On June 11, 2015, the U.S. Court of Appeals for the Ninth Circuit upheld the Bureau of Safety and Environmental Enforcement’s (Bureau) approval of oil spill response plans (OSRPs) relating to oil leases in the Beaufort and Chuckchi seas on Alaska’s Arctic coast.   Alaska Wilderness League v. Jewell, No. 13-35866 (9th Cir.
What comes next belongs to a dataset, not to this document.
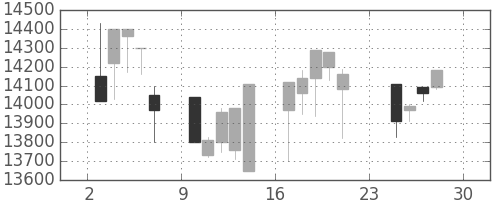 東宝の日足チャート(2001年12月)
June 11, 2015).  Among other things, environmental groups alleged that the Bureau violated the Endangered Species Act (“ESA”) by failing to consult regarding the impacts of the OSRPs on endangered species.  The Bureau argued it was not required to consult because approval of the OSRPs was a non-discretionary action, and the ESA only requires agencies to consult regarding discretionary actions.  Plaintiffs argued there was sufficient discretion to trigger the ESA’s consultation requirement.
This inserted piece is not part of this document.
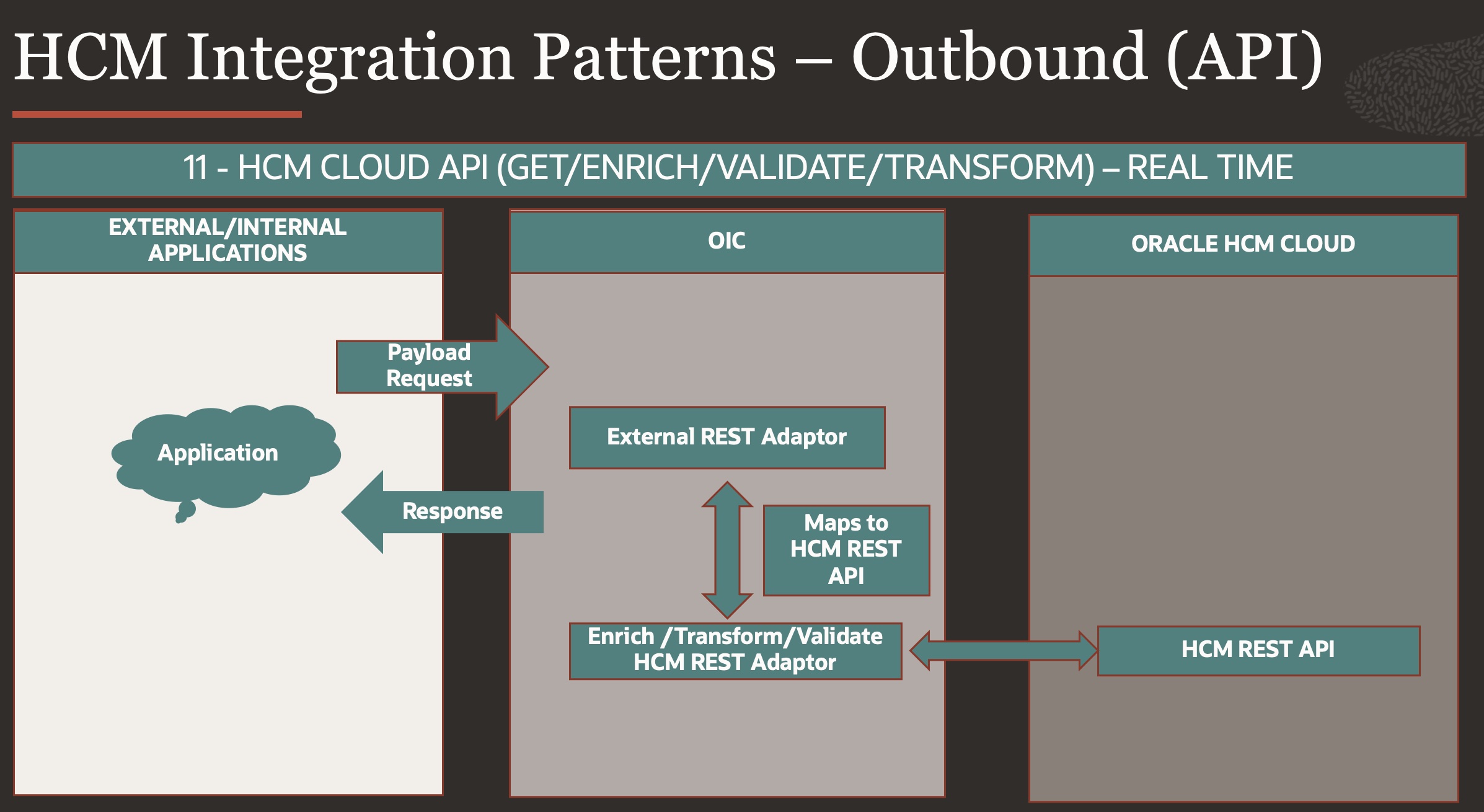 Pattern 11 - HCM Inbound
To determine whether approval of the OSRPs was a discretionary action, the Ninth Circuit first analyzed the applicable statutory scheme and implementing regulations.  The court explained that, while the Outer Continental Shelf Lands Act governs the development and exploration of offshore oil and gas resources, the Clean Water Act (CWA) provides the framework for preventing and responding to potential oil spills.  Pursuant to the CWA, the Bureau promulgated regulations that require owners and operators of offshore oil facilities to submit OSRPs for responding, to the maximum extent practicable, to the discharge of oil or hazardous substances.  The regulations require the Bureau to promptly review submitted OSRPs and to obtain amendments to OSRPs that do not meet the requirements of the CWA; the regulations further state that the Bureau “shall approve any plan that meets the [statutory] requirements.”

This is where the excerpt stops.